Also in 1990, television producer Gary Shoefield released an album of remixes titled Power Themes 90 under the name F.A.B., which featured techno remixes of the themes to many British TV programmes, many of them created by Anderson. Among these was Thunderbirds, whose theme was remixed under the name "Thunderbirds Are Go! (The Pressure Mix)" and billed as "featuring MC Parker". The theme reached number 5 in the British music charts. To accompany this, a music video compilation similarly titled Power Themes 90 was released, and "Thunderbirds Are Go! (The Pressure Mix)" was listed, featuring footage from episodes of the series interspersed with newly-filmed shots of the original Parker puppet dressed in "era" clothing and acting as a DJ.

Gray's original theme music, with lyrics performed by Gary Miller, was ultimately not used. Titled "Flying High", the song had been intended to accompany the closing titles, was abandoned in favour of the "Thunderbirds March" only weeks before the pilot episode was broadcast. However, a modified version of "Flying High" can be heard in the closing scenes of the Series Two episode "Ricochet".

Original broadcastA total of 32 episodes of Thunderbirds were made for the British production company ITC Entertainment, and first broadcast on ITV. The title card for the first series carries a copyright date of 1964, as this was the year the pilot episode, "Trapped in the Sky" was produced; the remaining episodes were made in 1965, with production of the second series following in 1966.

Thunderbirds ceased production very suddenly in the autumn of that year, six episodes into the second series. This was a decision made by Lew Grade after an unsuccessful trip to the U.S. to sell the programme. According to published reports of the incident, the three major television networks CBS, NBC, and ABC were all bidding on the series, and Grade felt he could play them against each other to gain a higher price. Unfortunately, when one dropped out, the others immediately followed. Although it was a genuine hit by that time, Grade still felt that the programme was too expensive to continue without the US market. The programme was instead shown in the US in television syndication with reasonable success.

Film adaptations
The popularity of the series led to the production of two full length feature films, with financial backing by United Artists. During the early 1980s, several Thunderbirds episodes were combined to create three Thunderbirds television films. In 2004, a live action adaptation of the series was released, almost 40 years after the original series first aired.


 Super Space Theater
In 1981, many of Gerry Anderson's series were re-edited into TV movies in North America. These were aired on TV under the series title Super Space Theater. Among these was Thunderbirds, with three TV films airing on American television in 1981. They were heavily edited, with new title and credit sequences, some scenes being removed for length and the insertion of extra incidental music throughout. These have not been seen on TV since, although they have been released on home video. The rights issues of these releases also prevented the episodes being released in their original form on VHS video until the 1990s.
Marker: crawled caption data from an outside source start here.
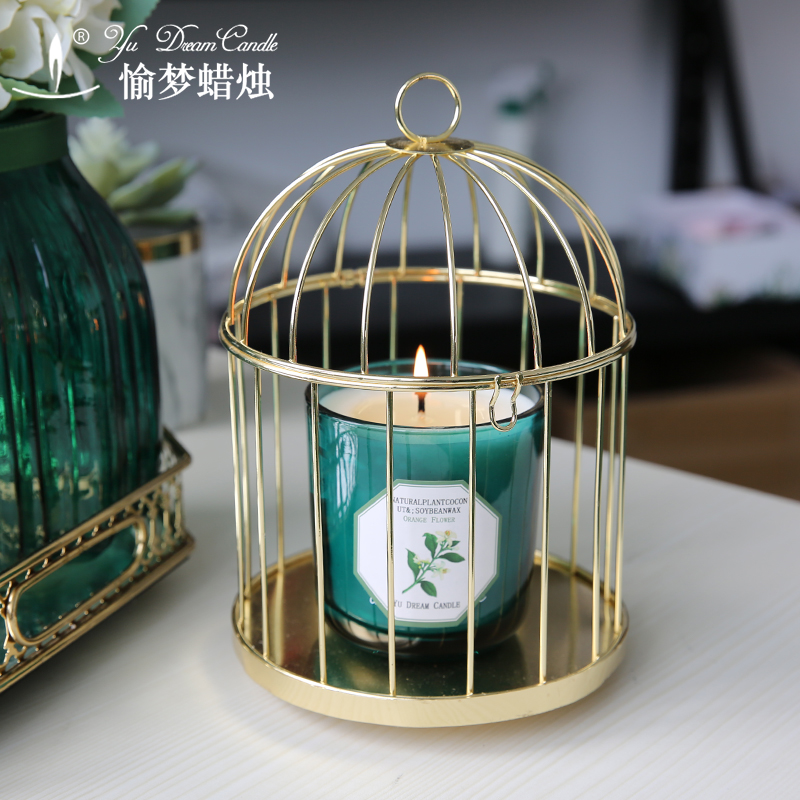 ins风金色鸟笼摆件烛台香薰蜡烛台居家摆件婚庆装饰礼品铁艺烛台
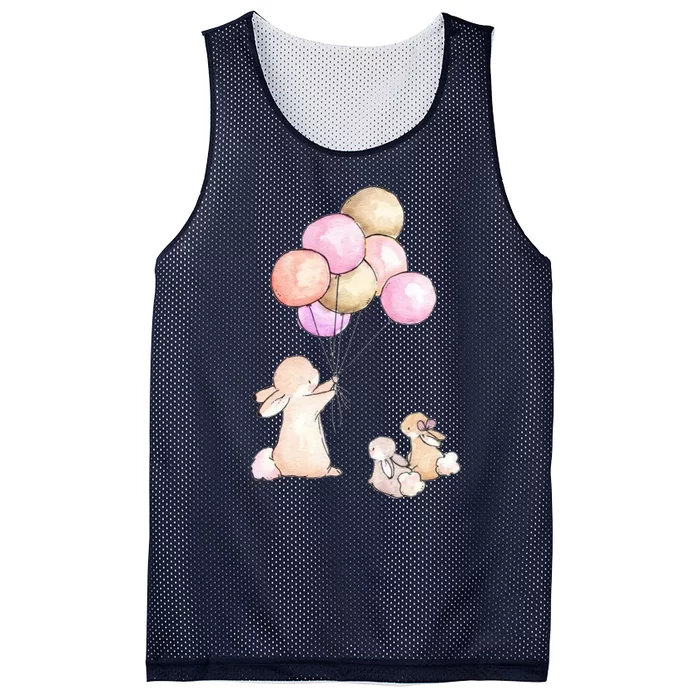 Cute Bunny Rabbit Balloon Mesh Reversible Basketball Jersey Tank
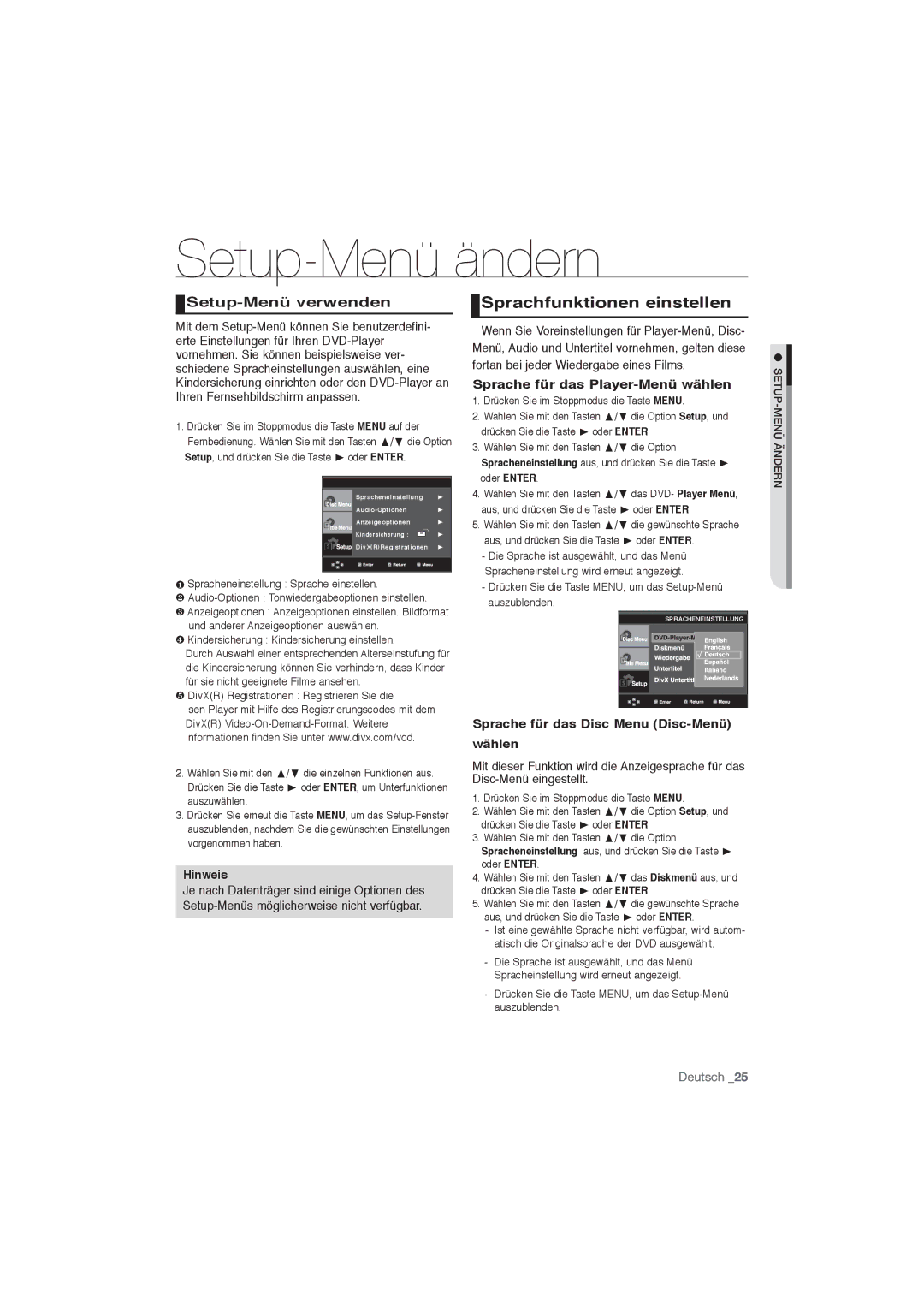 Samsung DVD-P191/XEL, DVD-P191/EDC manual Setup-Menü ändern, Sprachfunktionen einstellen, Setup-Menü verwenden 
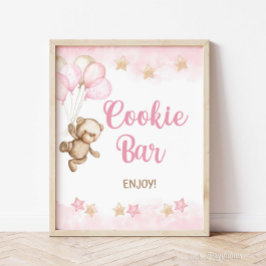 Poster Symbole bar-biscuits Pink Teddy Bear Party, Douche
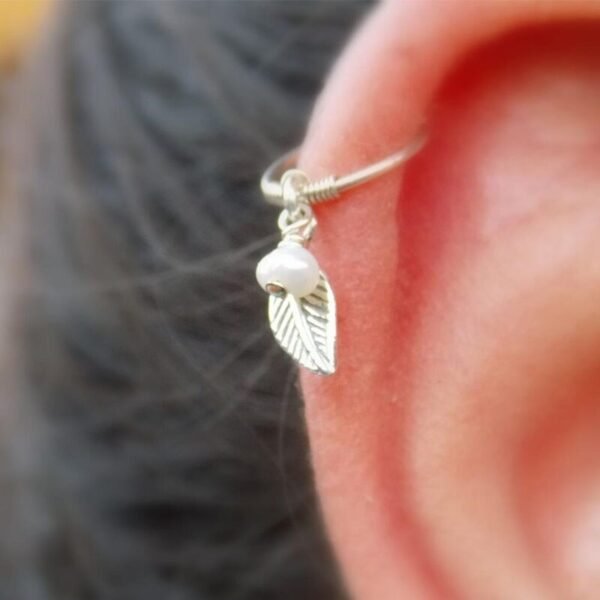 Tiny Leaf Cartilage Earring Body Piercing Helix Ring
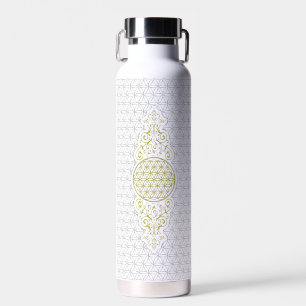 Bouteille D'eau Fleur de Vie - motif de timbre vintage XI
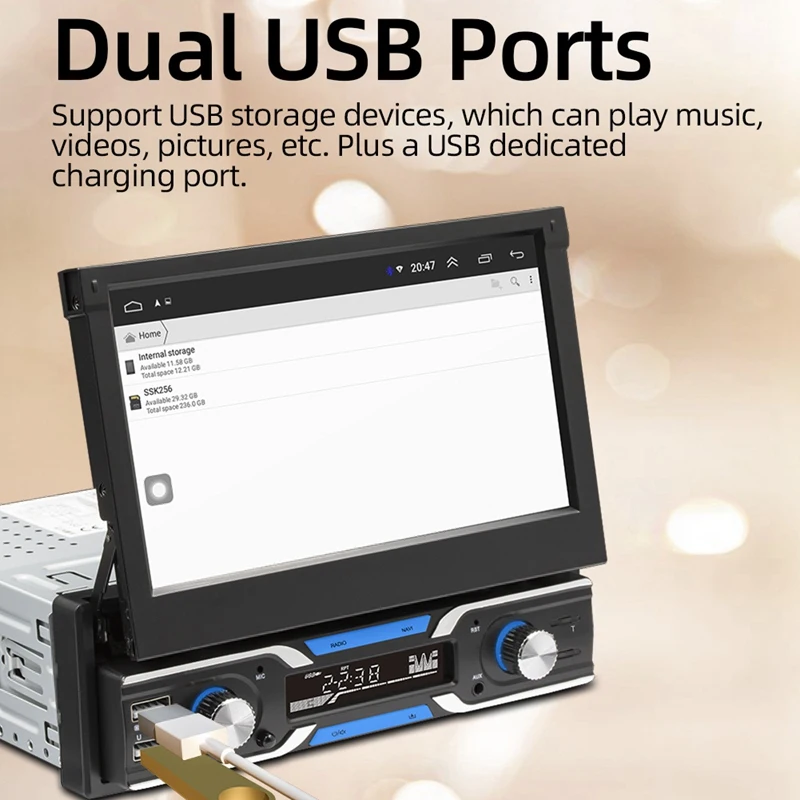 

9703S Sautomatic Foldable 7 Inch Android 9.1 Car Radio Multimedia Video Player MP5/WMA/ GPS USB Auto Stereo Head Unit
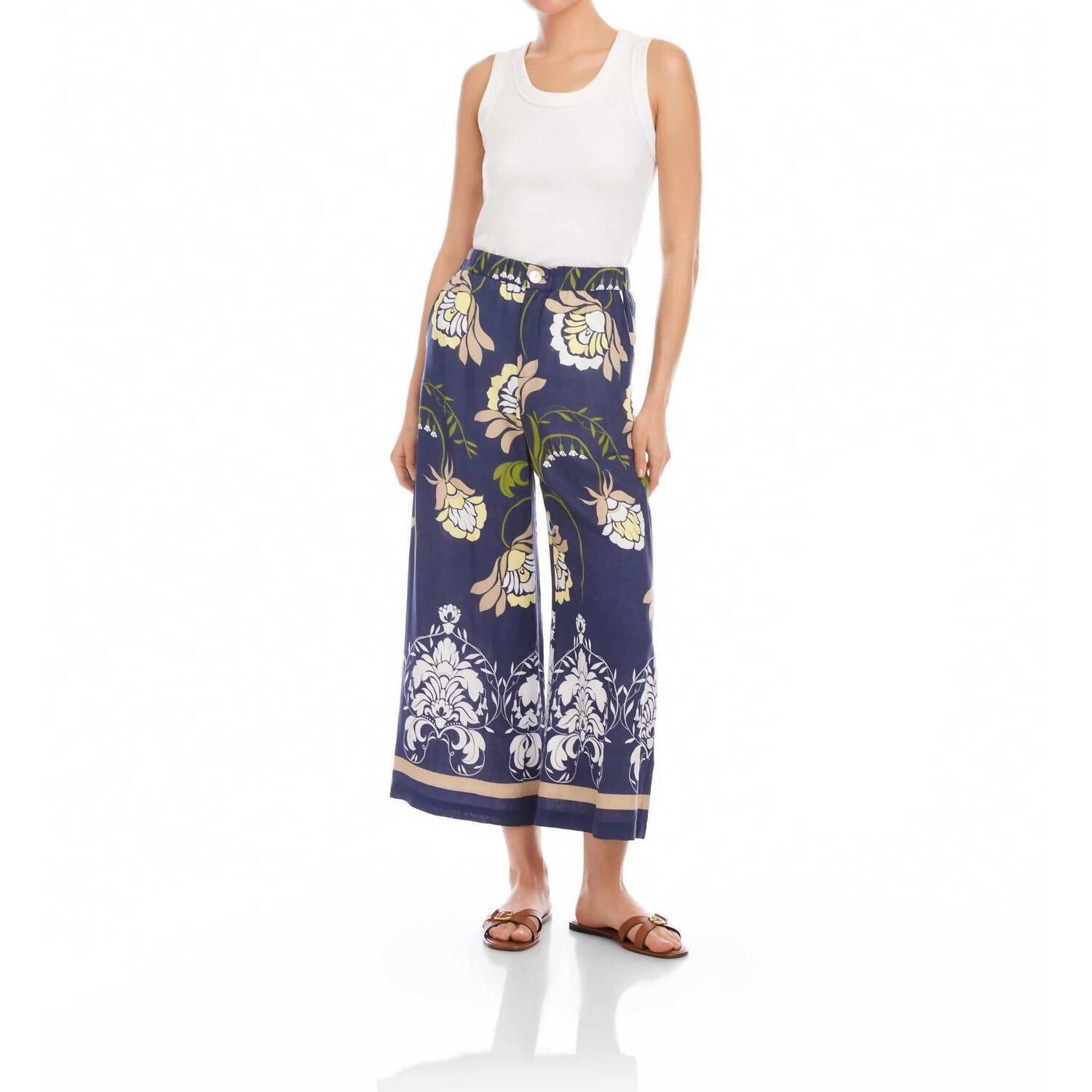New Fifteen Twenty Tilly Cropped Pants In Print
Countdown to Disaster (featuring the episodes "Terror in New York City" and "Atlantic Inferno")

Thunderbirds in Outer Space (featuring the episodes "Sun Probe" and "Ricochet")

Thunderbirds to the Rescue (featuring the episodes "Trapped in the Sky" and "Operation Crash-Dive")


A live action feature film, also called Thunderbirds, and directed by Jonathan Frakes premiered on 24 July 2004. All the Thunderbird craft seen in the live action film were based upon the original designs, but with modern refinements, although a modified Ford Thunderbird was used as FAB1 due to BMW, owners of the Rolls-Royce marque, refusing to give permission for its use in the film. The live-action film had been planned as far back as the early 1990s, with the Baldwin brothers as four of the Tracy brothers and Anthony Edwards as Brains.[citation needed]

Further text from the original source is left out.